Jerry Quinn wrote:
dsimcha Wrote:
== Quote from Andrei Alexandrescu (seewebsiteforem...@erdani.org)'s
article
Walter and I have been discussing what the regime of
statically-sized arrays should be. In short, the behavior that's
most consistent with everything else is to treat them as values.
This also brings the problems of e.g. containers - should they
have consistent value semantics (like in STL)

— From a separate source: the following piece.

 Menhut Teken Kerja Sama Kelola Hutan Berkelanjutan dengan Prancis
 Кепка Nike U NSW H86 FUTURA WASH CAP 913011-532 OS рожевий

Oh God no! I always thought the value semantics of STL containers
were largely a kludge to work around the fact that C++ doesn't have
garbage collection. They make it easier to use RAII for memory
management, since every object has a clear owner. This leads to
tons and tons of copying if code is written the obvious way, and
lots of kludges to prevent it.
On the other hand, for relatively small objects, the last thing I
want is to have everything be a reference. This is one of the major
flaws of Java, I think, from a memory efficiency standpoint. I'd
hate to have to have references to 16 byte objects if I don't need
the sharing behavior.
Having classes with reference semantics in D largely solves this
issue, doesn't it? Use a class when you have things that make sense
to share, and use structs for when it makes more sense to have
distinct copies.
That implies all structs should have copy semantics. I'm not sure
whether this is good or bad, I'm just saying :o).